O problema é acima de tudo, de vontade política. Vontade de combater o crime organizado, doa a quem doer. Vontade de fazer cumprir as determinações constantes da lei e das convenções internacionais sobre branqueamento de capitais. Vontade de dotar as instituições responsáveis pela prevenção e pela repressão da criminalidade dos meios materiais e institucionais necessários uma acção eficaz e proactiva.

E este aspecto, a proactividade, é decisivo, no que se refere ao combate ao crime de colarinho branco. Não basta que, após uma condenação por tráfico de droga ou por corrupção se vá em busca do dinheiro sujo entretanto gerado. É preciso que existam meios para detectar o branqueamento de capitais em si mesmo, como crime autónomo, e a partir daí apertar o cerco à criminalidade organizada.

Esta proactividade implica forçosamente coordenação e troca de informação entre as diversas entidades que têm obrigações legais a cumprir na prevenção da criminalidade económica e financeira. Neste domínio, a situação em Portugal é confrangedora. Várias entidades têm, em Portugal, responsabilidades legalmente atribuídas em matéria de prevenção e combate ao branqueamento de capitais. Umas no domínio da investigação e acção penal; outras no domínio da prevenção. No entanto, vivem de costas voltadas. Encontrar um meio desburocratizado de coordenação institucional entre representantes de entidades como a PGR, a PJ, as entidades de supervisão do sistema financeiro, e várias entidades fiscalizadoras, sem alteração ou interferência nas competências legais de cada uma destas entidades, mas para troca de informação e coordenação de actividades contra o branqueamento de capitais, é uma exigência urgente para uma melhor intervenção neste domínio.

Falta em Portugal uma estrutura com competência de análise e intervenção integrada, à semelhança do Programa Mundial da ONU contra o Branqueamento de Capitais, ou da experiência italiana do UIC (Ufficio Italiano dei Cambi), e para suprir essa insuficiência o PCP propõe a instituição de um Programa Nacional com o objectivo de prevenir e combater o branqueamento de capitais, prevenir a criminalização da economia e a criminalidade organizada e a criação de uma Comissão Nacional que lhe dê concretização.

E estamos evidentemente disponíveis para considerar todos os aperfeiçoamentos pertinentes à legislação nacional sobre a prevenção e combate ao branqueamento de capitais.

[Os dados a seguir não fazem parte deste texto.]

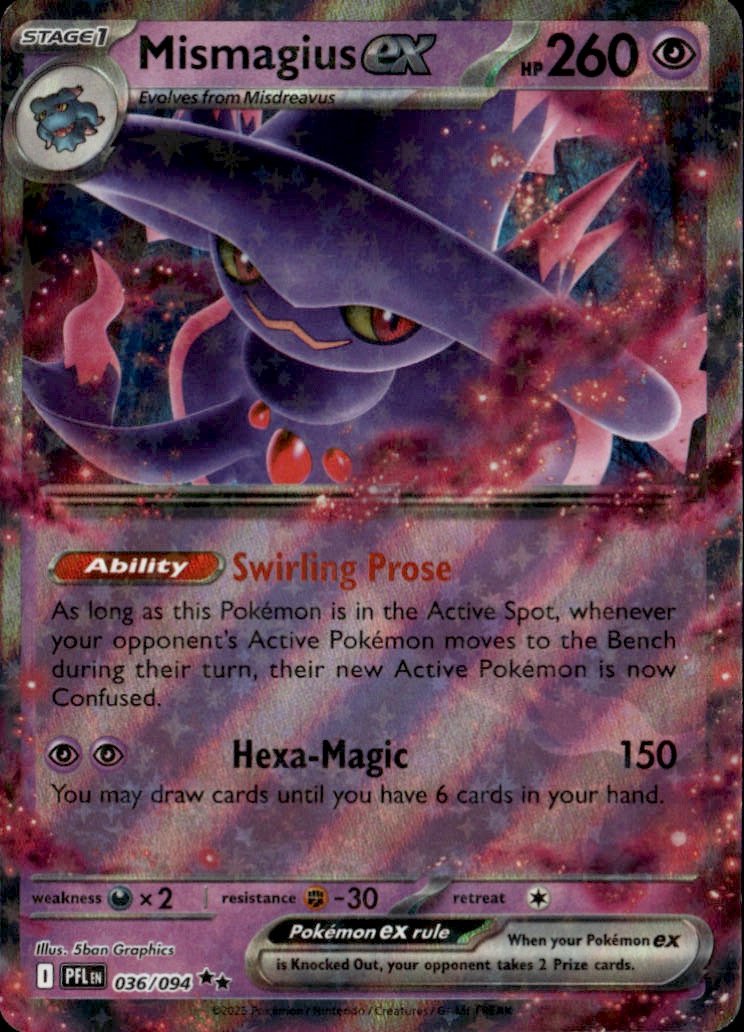 2025 Pokemon Pfl En Mismagius Ex graded slab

Nesse sentido, consideramos o projecto de lei do PS também hoje em discussão como um contributo positivo para a correcta transposição para o Direito Interno das aquisições mais recentes do Direito Comunitário Europeu sobre esta matéria.

Termino, senhor Presidente e senhores Deputados, com um apelo para que não se quebre nesta legislatura o património de consenso que tem existido quanto aos instrumentos legislativos de combate ao branqueamento de capitais e para que considerações de oportunidade política da maioria não se sobreponham à consideração ponderada das propostas hoje em discussão.